━━━ Source material

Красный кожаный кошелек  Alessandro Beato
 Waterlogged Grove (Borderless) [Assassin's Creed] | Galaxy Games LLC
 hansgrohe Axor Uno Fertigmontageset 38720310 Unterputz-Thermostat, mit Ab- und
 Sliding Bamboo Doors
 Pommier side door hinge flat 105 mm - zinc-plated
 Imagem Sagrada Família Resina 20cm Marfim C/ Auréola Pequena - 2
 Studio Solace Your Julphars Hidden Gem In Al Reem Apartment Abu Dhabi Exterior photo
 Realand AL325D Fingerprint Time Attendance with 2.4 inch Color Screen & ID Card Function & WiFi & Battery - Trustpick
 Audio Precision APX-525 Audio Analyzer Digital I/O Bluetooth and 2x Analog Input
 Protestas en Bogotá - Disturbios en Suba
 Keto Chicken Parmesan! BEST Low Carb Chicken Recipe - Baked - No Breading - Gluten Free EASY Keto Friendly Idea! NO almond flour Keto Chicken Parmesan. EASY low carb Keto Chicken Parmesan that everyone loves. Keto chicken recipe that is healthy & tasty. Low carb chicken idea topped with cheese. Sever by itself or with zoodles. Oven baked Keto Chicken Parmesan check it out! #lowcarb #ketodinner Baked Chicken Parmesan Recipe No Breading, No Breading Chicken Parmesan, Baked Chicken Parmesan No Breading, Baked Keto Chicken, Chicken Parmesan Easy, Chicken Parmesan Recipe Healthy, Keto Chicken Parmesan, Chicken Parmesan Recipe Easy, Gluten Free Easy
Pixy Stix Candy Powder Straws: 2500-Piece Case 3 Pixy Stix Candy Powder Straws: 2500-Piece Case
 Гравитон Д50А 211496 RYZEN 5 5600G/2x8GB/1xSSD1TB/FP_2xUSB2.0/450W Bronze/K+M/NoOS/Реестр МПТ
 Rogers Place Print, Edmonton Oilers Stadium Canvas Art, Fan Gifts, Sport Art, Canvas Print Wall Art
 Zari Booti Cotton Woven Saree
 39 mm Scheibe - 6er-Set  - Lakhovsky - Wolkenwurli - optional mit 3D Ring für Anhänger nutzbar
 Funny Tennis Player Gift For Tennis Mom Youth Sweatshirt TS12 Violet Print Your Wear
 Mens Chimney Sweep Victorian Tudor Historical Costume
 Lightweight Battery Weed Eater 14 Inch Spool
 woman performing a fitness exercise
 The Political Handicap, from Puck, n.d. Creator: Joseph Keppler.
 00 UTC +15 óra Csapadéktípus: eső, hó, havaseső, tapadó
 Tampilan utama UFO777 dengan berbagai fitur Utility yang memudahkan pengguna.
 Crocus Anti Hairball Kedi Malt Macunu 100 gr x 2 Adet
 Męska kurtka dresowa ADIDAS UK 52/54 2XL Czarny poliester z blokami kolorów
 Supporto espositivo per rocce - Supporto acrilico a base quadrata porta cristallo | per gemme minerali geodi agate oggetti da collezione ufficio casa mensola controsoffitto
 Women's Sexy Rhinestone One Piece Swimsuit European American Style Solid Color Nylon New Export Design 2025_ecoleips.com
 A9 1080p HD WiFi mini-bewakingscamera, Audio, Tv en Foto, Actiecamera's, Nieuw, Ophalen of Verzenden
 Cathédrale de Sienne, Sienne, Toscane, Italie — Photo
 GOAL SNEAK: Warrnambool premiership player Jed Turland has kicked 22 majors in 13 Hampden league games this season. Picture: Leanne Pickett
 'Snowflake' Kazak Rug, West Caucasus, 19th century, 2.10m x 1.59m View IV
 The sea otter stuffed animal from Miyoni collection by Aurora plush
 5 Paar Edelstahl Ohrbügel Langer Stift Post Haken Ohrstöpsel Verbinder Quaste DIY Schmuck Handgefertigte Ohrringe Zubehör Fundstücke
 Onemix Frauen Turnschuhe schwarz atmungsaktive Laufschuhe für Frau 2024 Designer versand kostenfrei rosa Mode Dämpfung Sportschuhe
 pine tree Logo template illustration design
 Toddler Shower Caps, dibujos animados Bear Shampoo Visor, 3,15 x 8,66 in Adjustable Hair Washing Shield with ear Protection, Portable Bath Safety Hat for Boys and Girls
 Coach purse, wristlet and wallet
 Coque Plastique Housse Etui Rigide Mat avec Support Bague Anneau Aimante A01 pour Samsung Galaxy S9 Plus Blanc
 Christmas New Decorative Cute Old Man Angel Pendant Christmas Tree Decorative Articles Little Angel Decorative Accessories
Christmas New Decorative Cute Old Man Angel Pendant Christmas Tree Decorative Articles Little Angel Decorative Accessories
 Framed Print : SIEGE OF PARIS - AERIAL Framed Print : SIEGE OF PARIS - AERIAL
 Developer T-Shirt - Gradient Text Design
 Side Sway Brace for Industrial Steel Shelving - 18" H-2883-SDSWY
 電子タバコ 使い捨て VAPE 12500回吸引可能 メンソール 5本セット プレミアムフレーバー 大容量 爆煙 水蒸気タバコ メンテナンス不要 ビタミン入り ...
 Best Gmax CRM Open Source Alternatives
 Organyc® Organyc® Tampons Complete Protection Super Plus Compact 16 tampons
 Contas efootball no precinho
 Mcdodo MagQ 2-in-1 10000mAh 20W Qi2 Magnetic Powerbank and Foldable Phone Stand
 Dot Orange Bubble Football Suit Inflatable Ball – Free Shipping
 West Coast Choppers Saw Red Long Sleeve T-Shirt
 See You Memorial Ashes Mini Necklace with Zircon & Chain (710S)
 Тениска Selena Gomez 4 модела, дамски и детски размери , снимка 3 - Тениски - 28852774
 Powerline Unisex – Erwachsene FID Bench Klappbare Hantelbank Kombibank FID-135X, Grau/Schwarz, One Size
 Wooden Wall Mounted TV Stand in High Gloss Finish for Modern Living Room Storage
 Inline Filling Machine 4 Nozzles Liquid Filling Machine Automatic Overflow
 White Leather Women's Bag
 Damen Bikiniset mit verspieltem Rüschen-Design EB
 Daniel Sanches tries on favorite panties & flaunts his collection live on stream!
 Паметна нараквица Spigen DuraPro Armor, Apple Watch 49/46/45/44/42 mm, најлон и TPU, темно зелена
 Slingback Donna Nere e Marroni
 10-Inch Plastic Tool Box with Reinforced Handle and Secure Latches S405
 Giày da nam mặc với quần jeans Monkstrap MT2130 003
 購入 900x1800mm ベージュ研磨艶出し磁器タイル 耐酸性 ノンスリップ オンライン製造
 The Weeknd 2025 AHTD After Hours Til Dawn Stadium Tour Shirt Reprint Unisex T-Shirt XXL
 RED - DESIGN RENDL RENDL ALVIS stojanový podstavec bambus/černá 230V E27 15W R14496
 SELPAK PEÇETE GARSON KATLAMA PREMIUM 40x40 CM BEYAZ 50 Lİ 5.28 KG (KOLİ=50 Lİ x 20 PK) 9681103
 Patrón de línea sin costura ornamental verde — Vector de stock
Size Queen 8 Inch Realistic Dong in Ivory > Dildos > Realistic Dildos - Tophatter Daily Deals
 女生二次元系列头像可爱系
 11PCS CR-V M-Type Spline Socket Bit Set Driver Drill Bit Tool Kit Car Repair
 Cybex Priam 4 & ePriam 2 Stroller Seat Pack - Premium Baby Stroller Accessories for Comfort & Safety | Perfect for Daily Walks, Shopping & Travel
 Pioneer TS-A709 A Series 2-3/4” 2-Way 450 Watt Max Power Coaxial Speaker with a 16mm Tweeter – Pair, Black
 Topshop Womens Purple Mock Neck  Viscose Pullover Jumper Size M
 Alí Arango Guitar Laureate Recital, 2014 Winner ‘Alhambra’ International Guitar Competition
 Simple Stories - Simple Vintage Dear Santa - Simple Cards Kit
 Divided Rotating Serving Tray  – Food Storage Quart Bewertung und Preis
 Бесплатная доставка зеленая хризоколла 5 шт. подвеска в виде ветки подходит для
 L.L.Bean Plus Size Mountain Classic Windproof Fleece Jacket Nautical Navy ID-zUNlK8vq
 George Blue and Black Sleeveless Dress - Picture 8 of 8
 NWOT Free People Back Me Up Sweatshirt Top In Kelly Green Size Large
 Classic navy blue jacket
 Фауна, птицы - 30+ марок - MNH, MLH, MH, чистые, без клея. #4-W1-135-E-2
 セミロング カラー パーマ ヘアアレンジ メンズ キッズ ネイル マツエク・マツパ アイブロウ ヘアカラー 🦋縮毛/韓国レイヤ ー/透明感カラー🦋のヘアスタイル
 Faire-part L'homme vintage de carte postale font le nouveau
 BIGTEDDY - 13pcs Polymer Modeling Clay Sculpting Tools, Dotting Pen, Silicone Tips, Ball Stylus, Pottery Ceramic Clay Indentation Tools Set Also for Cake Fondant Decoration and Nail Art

━━━━━━

Only one stretch of the entries above is wanted: the lines from the one containing "セミロング カラー パーマ" through the one containing "Faire-part L'homme vintage". Please reproduce it exactly.

 セミロング カラー パーマ ヘアアレンジ メンズ キッズ ネイル マツエク・マツパ アイブロウ ヘアカラー 🦋縮毛/韓国レイヤ ー/透明感カラー🦋のヘアスタイル
 Faire-part L'homme vintage de carte postale font le nouveau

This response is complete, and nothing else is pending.